Omaha is an unexpectedly quirky city, where the editor of a local weekly put in a mayoral bid as a kind of performance art.  On the main drag of Dodge Street, a handful of painters and scupltors including Dave Jenowe (pictured below with his work) share studio space in a split-level storefront.  After critiquing each other long enough, they decided to invite the public in for periodic Saturday night openings.   Says Jenowe, “It was a simple thing, originally.  It started with just three of us.  We made work, and it needed to be seen.”

Social media brought people in the door, and the venue, called Studio…Gallery, has since built a solid reputation among an alternative downtown crowd.  Step by succinct step, it has added a jazz music series and comedy nights.  The space itself has evolved to accommodate growing programs, now sporting a tiny stage downstairs with superior acoustics.  Meanwhile, a core group of colleagues continue to pursue independent artistic investigations in a shared workspace.

Jenowe continues, “We are always tweaking, but we continue to have a good time.  It’s great to see new people discover the space and be surprised by the quality and diversity, to have it surpass their expectations for what they might find here.  Jamming with musicians from New York and mixing with local artists, it just makes you feel glad and inspired to keep going, to keep making new work.”

Agileseed Tour Destination: Twin Cities, MN

The Bindery Projects, named after its location above a longrunning book bindery in St. Paul, is the brainchild of Caroline Kent and Nate Young (pictured below).  Their mission is “…to show dope work and validate practice through dialiectic democratic social disourse.”  The pair has a curatorial calendar booked through spring of 2013.

http://thebinderyprojects.com/thebindery_projects/visit.html

When I visited in early August, Nate and Caroline were prepping to hang 47 drawings by Nyeema Morgan, whom Young met at the Skowhegan Center in Maine.  The Dubious Sum of Vaguely Discernable Parts, closing Sept. 2, 2012, uses textual variations on cake recipe instructions along with abstract photographs of individual baking ingredients to explore the search for a perfect system.
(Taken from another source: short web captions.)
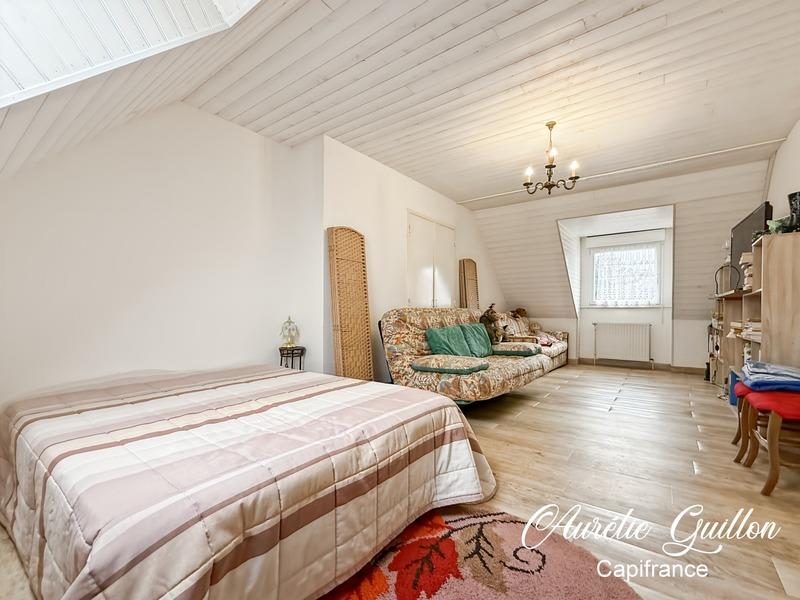 Maison - 152 m² - 7 pièces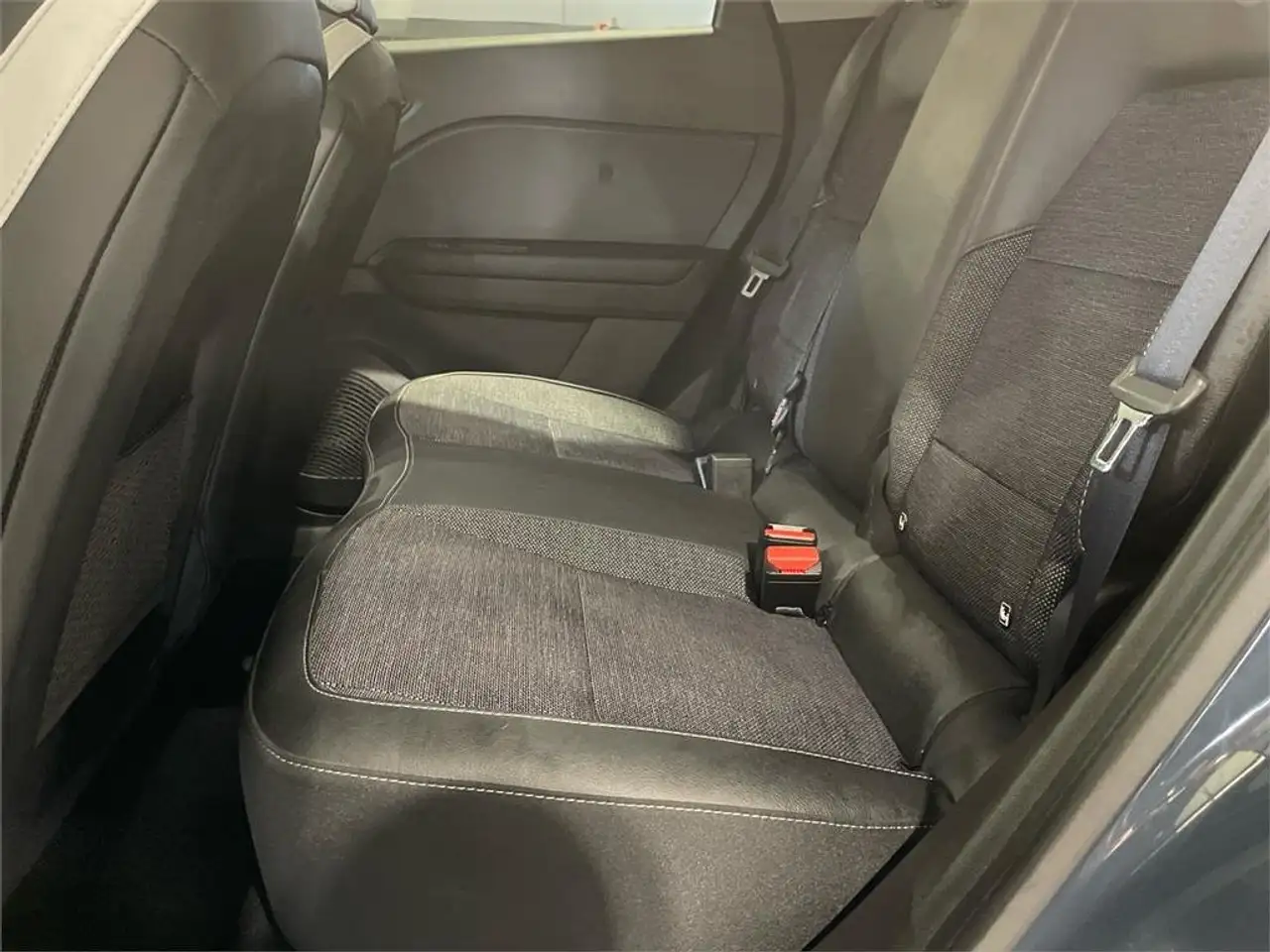 Renault Captur TCe Techno 67kW — معرض صور السيارة 12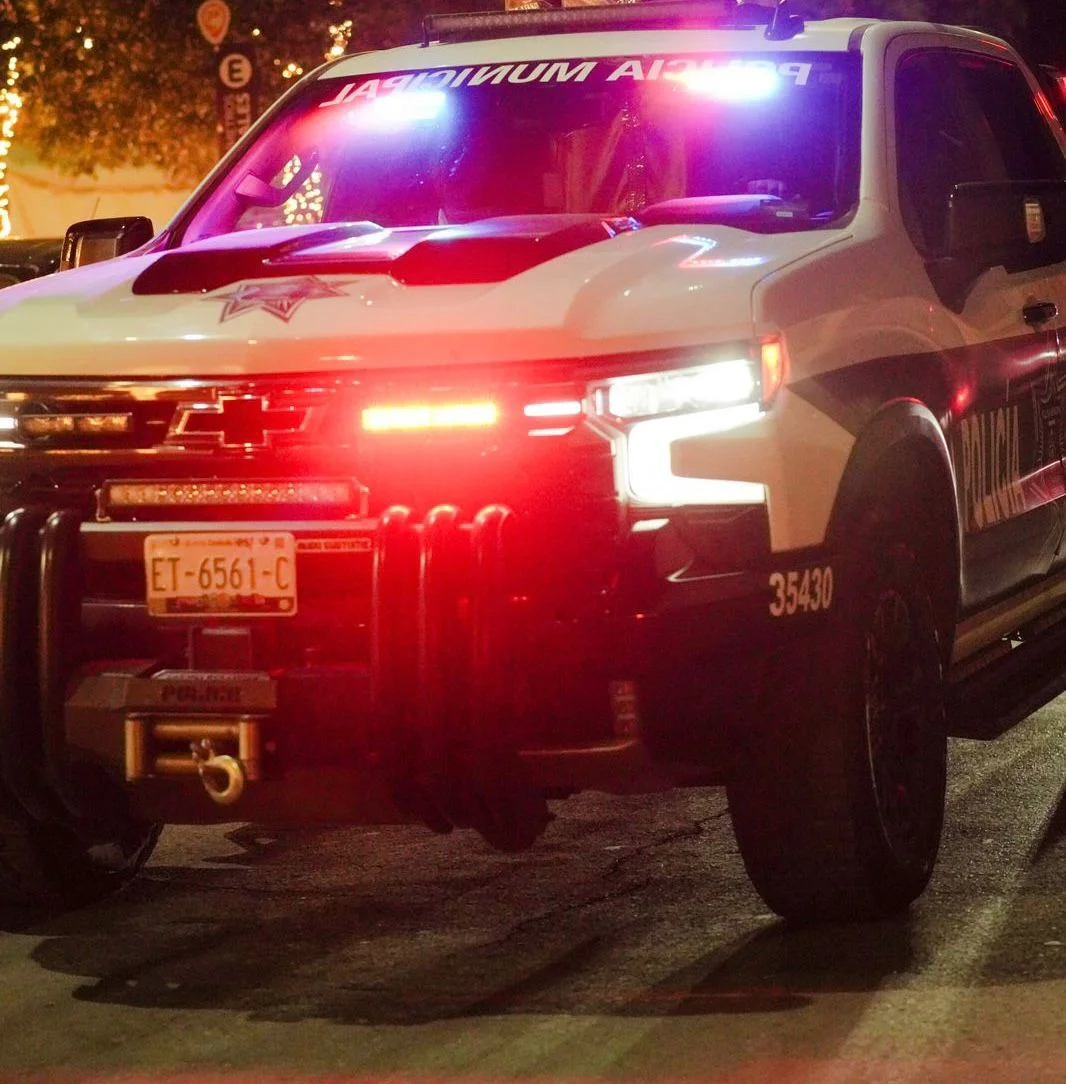 Adolescente de 14 años resulta herido en el pecho al intentar abrir un control remoto con un cuchillo afilado en su domicilio de Torreón.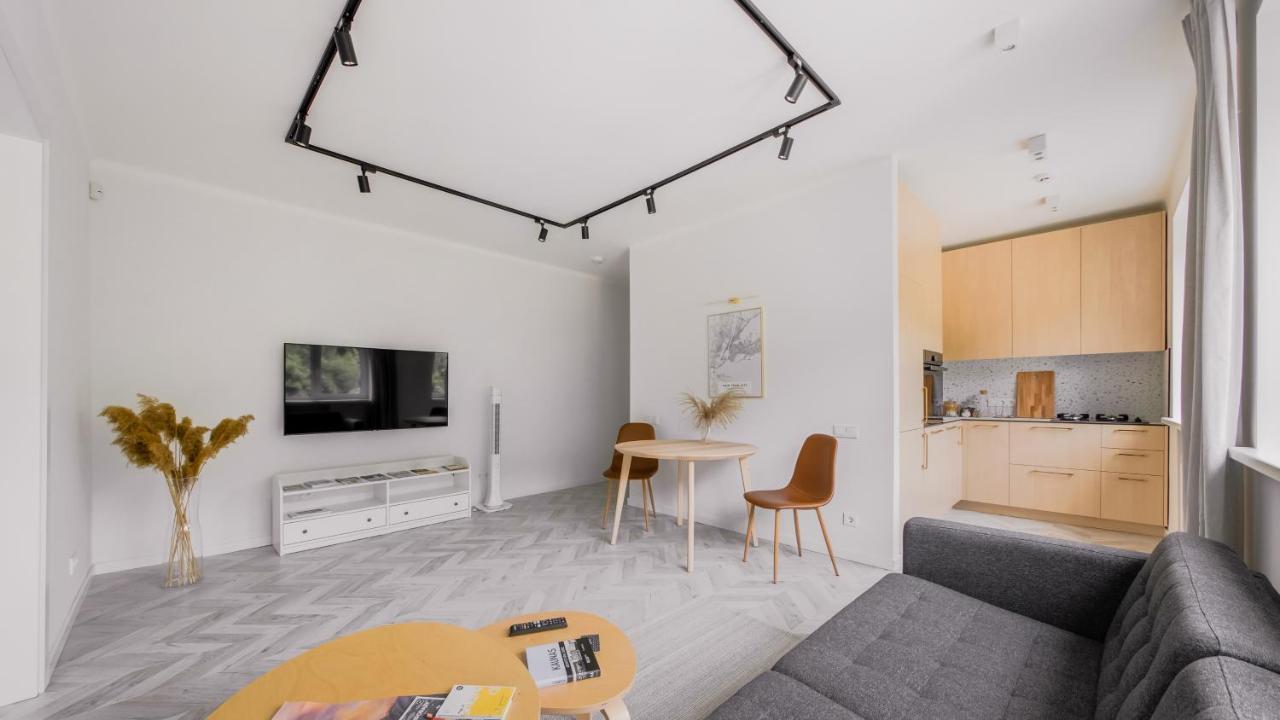 Central Apartment In Architectural Street Kaunas Ngoại thất bức ảnh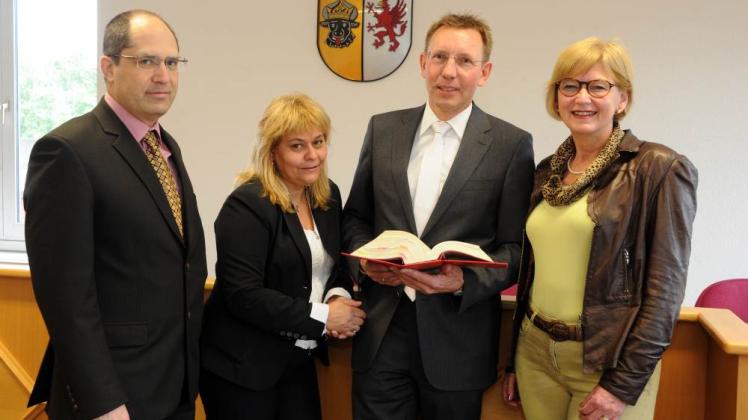 Treffen in Schwerin:  Die beiden Bulgaren Valeri Radanov und Tatyana Zhilova sowie Annechina Kruijer aus den Niederlande (v.l.) schauen Präsident  Dr. Joachim Kronisch über die Schulter. Auch das Thema Asylrecht stand auf dem Gesprächsprogramm der Juristen. 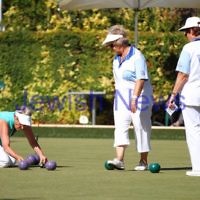 23-2-14. Victorian Jewish Lawn Bowls Championships. Caulfield Park Lawn Bowls Club. Rosemarie Todes measuring a bowl during the semi final. Photo: Peter Haskin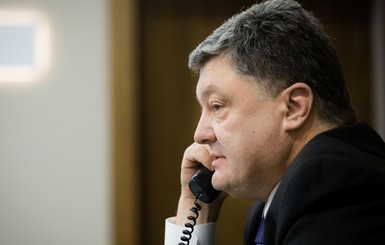 Порошенко лично позвонил военным, чтоб поблагодарить за подбитый БМП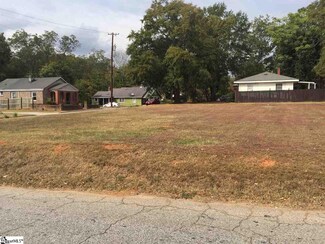 17 Rebecca St, Greenville, SC 29607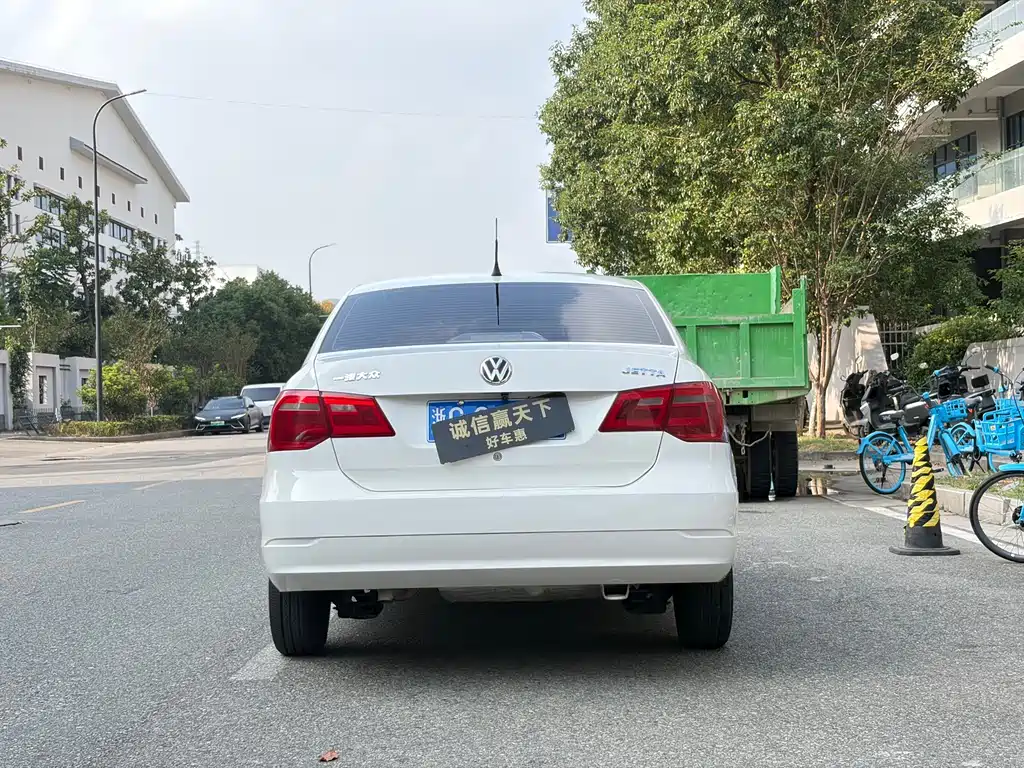 Volkswagen Jetta — миниатюра 12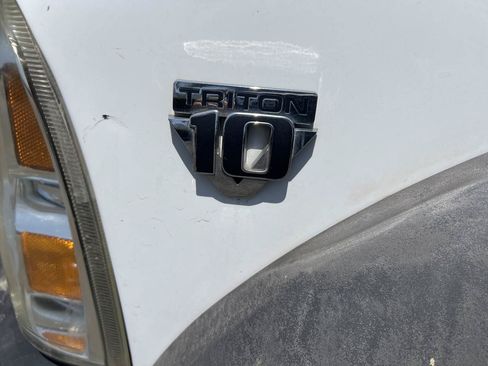 Used 2005 Ford F550 2WD Crew Cab Super Duty image 9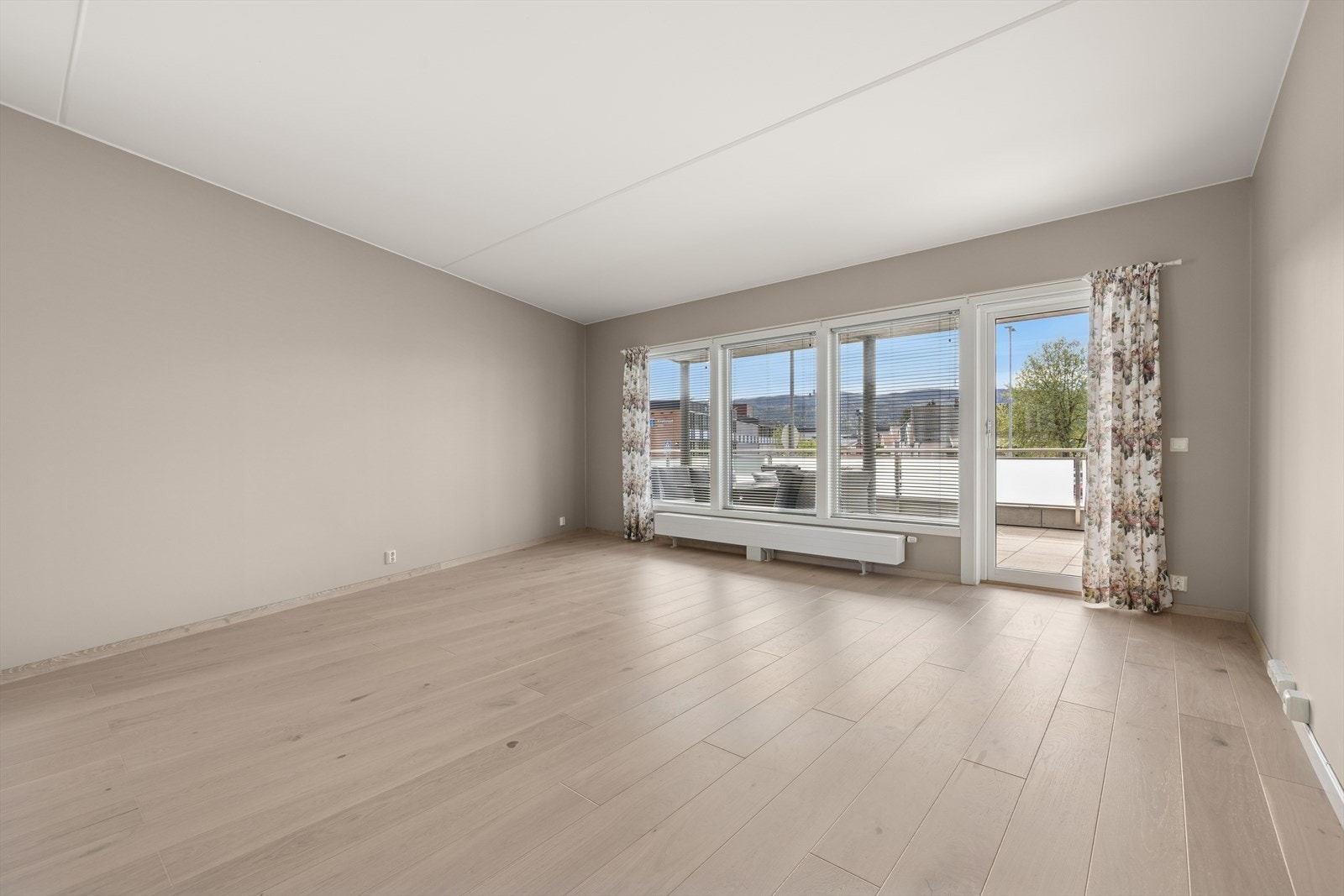 Det er radiatorer i boligrom, tilkoblet felles anlegg. Varmtvann leveres fra felles bereder. Varmekabler på bad. Galleribilde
Says Young, “We might not have a ton of people coming through, the space isn’t that big.  But the ones who do are key people, influencers.  They’re paying attention.”  In fact this is true, as I heard about The Bindery Projects long before arriving in the Twin Cities area, from the Director of ArtSpace in New Haven, CT – artspacenh.org.

Art galleries conduct their business in an inherently networked and iterative manner, releasing work to the public in regularly scheduled increments.  Exhibitions take place over and over in the same space, and as they do, a body of knowledge develops around how to succeed and improve.   Artists intuitively seek to assemble the most viable chunks of work for release, even at small scale or in-progress stages, because it makes good sense.  What they may not know is that, in Scrum circles, this is known as the vertical slice.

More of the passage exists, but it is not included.